• Retired Supreme Court judge Ranjana Prakash Desai became the first women chairperson of the Press Council of India (PCI) with the government formally announcing her appointment.
• The name Justice Desai for the post of PCI chairperson was recently cleared by a committee comprising Vice President M Venkaiah Naidu, Lok Sabha Speaker Om Birla and PCI member Prakash Dubey.
• Justice Desai, 72, had recently headed the Delimitation Commission on Jammu and Kashmir which was set up to redraw the Assembly constituencies of the Union Territory.
• Before her stint in the apex court from September 13, 2011 to October 29, 2014, she was a judge of the Bombay High Court.
• She was the chairperson of the Indian Appellate Tribunal for Electricity after her retirement from the Supreme Court.
• The post of the PCI chairman was lying vacant since Justice Chandramauli Kumar Prasad (retd) completed his term and demitted office last November.
Press Council of India
• Press Council of India functions under the Press Council Act, 1978.
• It is a statutory, quasi-judicial authority functioning as a watchdog of the press, for the press and by the press. It adjudicates the complaints against and by the press for violation of ethics and for violation of the freedom of the press, respectively.
• It consists of a chairman and 28 members. The chairman is, by convention, a retired judge of the Supreme Court of India who is nominated by a committee comprising of chairman of the Council of States (Rajya Sabha), Speaker of the House of the People (Lok Sabha) and a person elected from amongst themselves by the members of the Council.
• Of the 28 members, 20 represent a specially identified segment of press and eight members from varied fields representing the two Houses of the Parliament and premier literacy and legal bodies like University Grants Commission, Bar Council of India and Sahitya Akademi.

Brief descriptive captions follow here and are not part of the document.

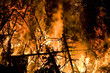 Waldbrand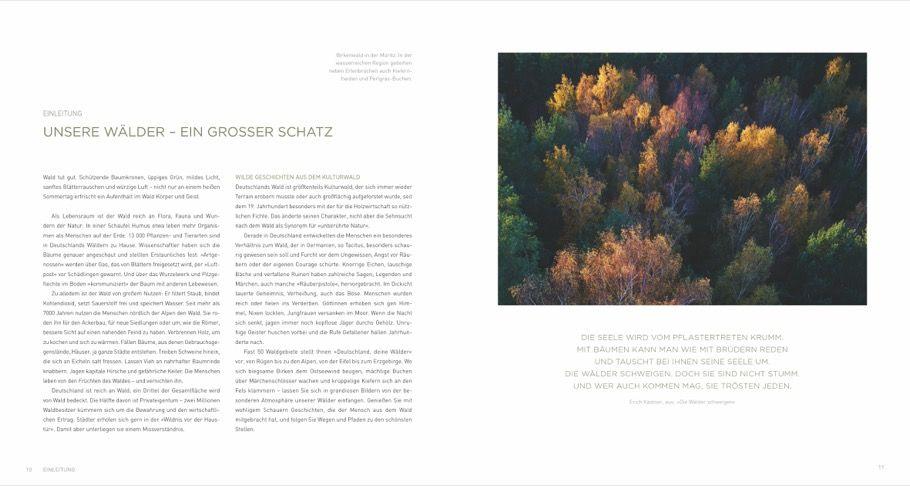Beispielinhalt (Bild) Deutschland deine Wälder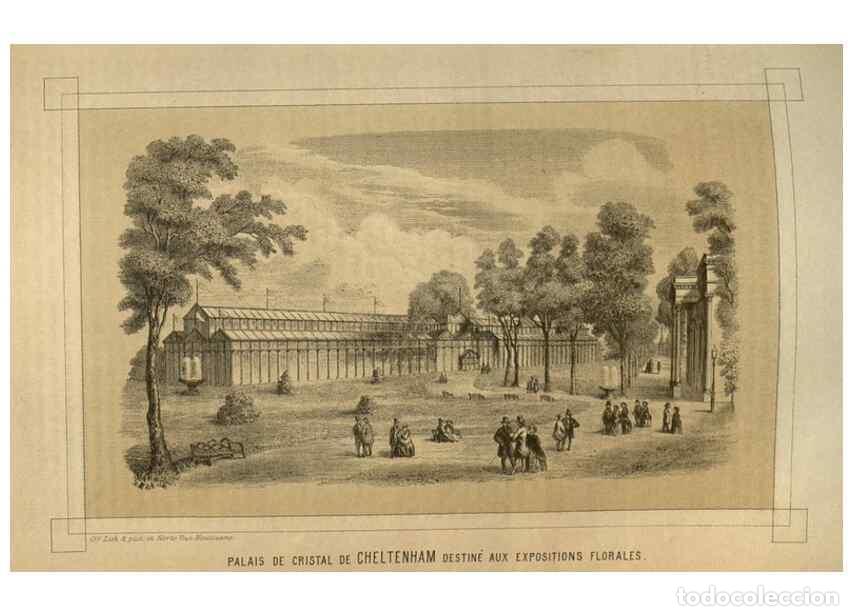 Colecionismo de Revistas e Jornais: Reproducci&oacute;n/Reproduction 49584061502: Flore des serres et des jardins de l'Europe. A Gand :chez Lou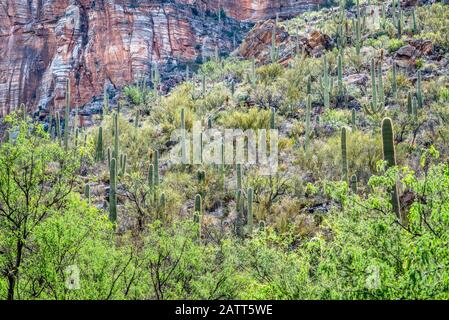 Berge, tiefe Schluchten und die einzigartigen Pflanzen und Tiere der Sonara-Wüste sind im Sabino Canyon Recreation Area zu finden. Stockfoto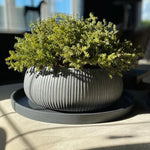 Succulents in a Grey Ribbed Stone Bowl RTfact Flowers 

• The term of the office of the chairman and the members is three years.
Objectives of the PCI:
• To help newspapers to maintain their independence.

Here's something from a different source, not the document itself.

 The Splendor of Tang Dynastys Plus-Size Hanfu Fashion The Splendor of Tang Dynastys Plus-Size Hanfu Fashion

• To build up a code of conduct for newspapers and journalists in accordance with high professional standards.
• To ensure on the part of newspapers and journalists the maintenance of high standards of public taste and foster a due sense of both the rights and responsibilities of citizenship.
• To encourage the growth of a sense of responsibility and public service among all those engaged in the profession of journalism.
• To keep under review any development likely to restrict the supply and dissemination of news of public interest and importance.
• To keep under review such cases of assistance received by any newspaper or news agency in India from foreign sources, as are referred to it by the central government.
The Council discharges its functions through adjudication on complaint cases received by it, either against the press for violation of journalistic ethics or by the press for interference with its freedom. Where the Council is satisfied, after inquiry, that a newspaper or a news agency has violated the standards of journalistic ethics or public taste or that an editor or working journalist has committed any professional misconduct, the Council may warn, admonish or censure them or disapprove of their conduct. The Council is also empowered to make observations as it may think fit in respect of the conduct of any authority, including government, for interfering with the freedom of the press. The decisions of the Council are final and cannot be questioned in any court of law except by way of writ under relevant Article of the constitution.
The Council being a body set up under an Act of Parliament gets a substantial part of its fund by way of grants-in-aid from the central government, after due appropriation by the Parliament, as also it has its own funds by way of the fee collected from newspapers on a graded structure and other receipts.